For Taylor, that results in hours-long binging sessions of shows like “This is Us,” “Riverdale,” “Love is Blind” and “The Masked Singer.” This experience is shared by fifth-year film major Jonathan Knoell, who will go back to a show he saw previously depending on how well-told a story is.

“If it’s a really well-done story where it’s got a huge twist and it’s been making hints at stuff and you’re like, ‘Oh! That twist happened,’ and now I have to go back and see where all the points are. There are some shows that are very straightforward and I watch them and I’m done.”

Of course, it’s impossible to be up to date with a seemingly-bottomless barrel of content, regardless if you’re trying to keep up with a good story. In fact, it’s this overproduction of content that makes keeping up new shows either difficult or simply not possible.  

I’ll admit, I don’t really take a whole bunch of time anymore to seek out new things because the fact is… there are so many services and there are so many ways to intake media,” Knoell said. “There’s too much.”

Missing out on popular or well-written stories can result in FOMO, or the Fear of Missing Out. According to Nick Hobson, Ph.D for Psychology Today, FOMO can be described as the feeling of “what exactly are you missing out on?” For students like Knoell, this mentality isn’t something to stress over.  

The mentality to me, of being scared that I’m missing out on something, is about as silly as saying that to somebody else who’s not interested in something like ‘The Bachelor’ or ‘Grey’s Anatomy’ or, I don’t know, ‘Lost,’ ‘Firefly,’ Knoell said. “If you’ve never seen ‘Firefly’ and you literally have no interest in ‘Firefly,’ you’re not going to watch Firefly.’”

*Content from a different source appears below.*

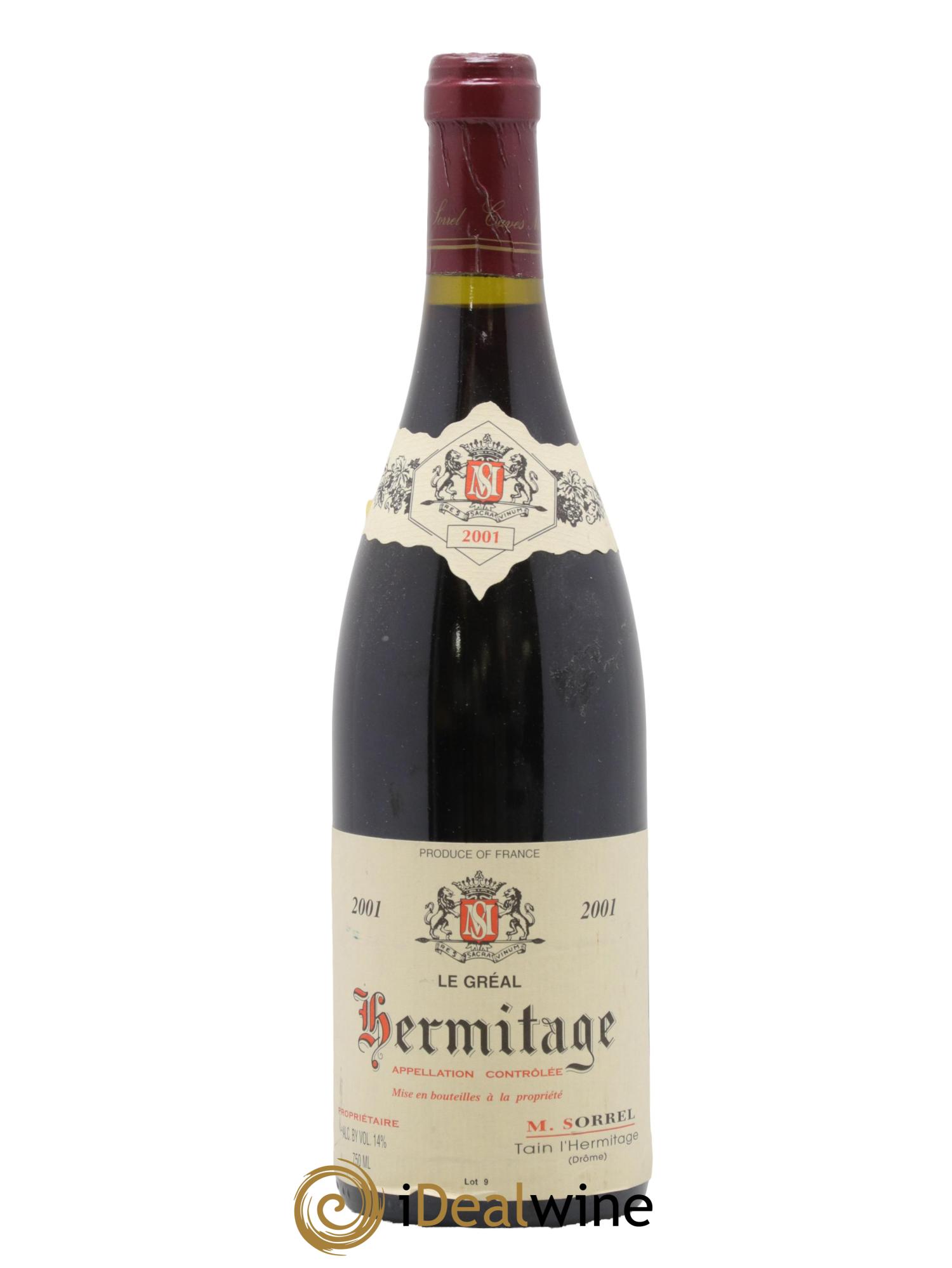 Hermitage Le Gréal Marc Sorrel 2001 - Lot de 1 bouteille - 0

If a viewer is looking for something new to watch and are overwhelmed by the amount of content or stuck in the comfort of watching something familiar, there is another way to look at the binge-watching phenomenon.

“If I binge-watch a show, I feel like nine times out of ten it’s just me putting it on background while I’m doing something, but I still try to keep up on both,” Taylor said. “But if I don’t, I eventually come back to them.”